**WORK ORDER**: A single figure is required: the number of lines in the listing below containing the word "Star".

____ RECORDS FOR THIS EXERCISE

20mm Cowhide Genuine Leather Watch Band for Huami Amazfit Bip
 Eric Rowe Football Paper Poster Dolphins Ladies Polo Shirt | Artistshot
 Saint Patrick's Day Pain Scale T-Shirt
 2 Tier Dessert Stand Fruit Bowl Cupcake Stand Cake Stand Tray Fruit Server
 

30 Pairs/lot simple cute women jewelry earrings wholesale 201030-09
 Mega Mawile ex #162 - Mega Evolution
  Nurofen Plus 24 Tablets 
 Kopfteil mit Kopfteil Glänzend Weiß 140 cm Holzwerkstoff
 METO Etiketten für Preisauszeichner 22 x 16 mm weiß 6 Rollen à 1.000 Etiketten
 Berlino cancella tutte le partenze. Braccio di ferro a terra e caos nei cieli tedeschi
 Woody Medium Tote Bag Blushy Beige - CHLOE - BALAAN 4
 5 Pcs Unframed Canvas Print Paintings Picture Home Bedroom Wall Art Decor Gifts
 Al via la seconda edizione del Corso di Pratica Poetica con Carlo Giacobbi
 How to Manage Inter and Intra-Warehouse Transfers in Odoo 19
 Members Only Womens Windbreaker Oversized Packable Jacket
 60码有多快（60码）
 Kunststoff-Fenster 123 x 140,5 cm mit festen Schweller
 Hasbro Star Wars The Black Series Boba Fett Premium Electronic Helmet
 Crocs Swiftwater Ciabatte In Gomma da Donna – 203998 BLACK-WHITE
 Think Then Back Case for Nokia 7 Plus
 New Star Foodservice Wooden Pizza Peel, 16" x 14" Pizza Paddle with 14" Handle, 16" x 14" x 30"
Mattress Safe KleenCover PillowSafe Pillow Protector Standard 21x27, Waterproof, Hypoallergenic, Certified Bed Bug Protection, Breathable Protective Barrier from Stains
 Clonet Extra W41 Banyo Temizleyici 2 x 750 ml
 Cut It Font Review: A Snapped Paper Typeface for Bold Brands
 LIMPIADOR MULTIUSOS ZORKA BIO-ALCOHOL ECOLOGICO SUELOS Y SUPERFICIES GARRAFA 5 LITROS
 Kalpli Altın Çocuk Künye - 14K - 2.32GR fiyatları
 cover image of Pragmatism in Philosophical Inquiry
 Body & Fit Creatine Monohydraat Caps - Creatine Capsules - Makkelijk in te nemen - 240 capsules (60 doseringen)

________

**EXERCISE RESULT**: 2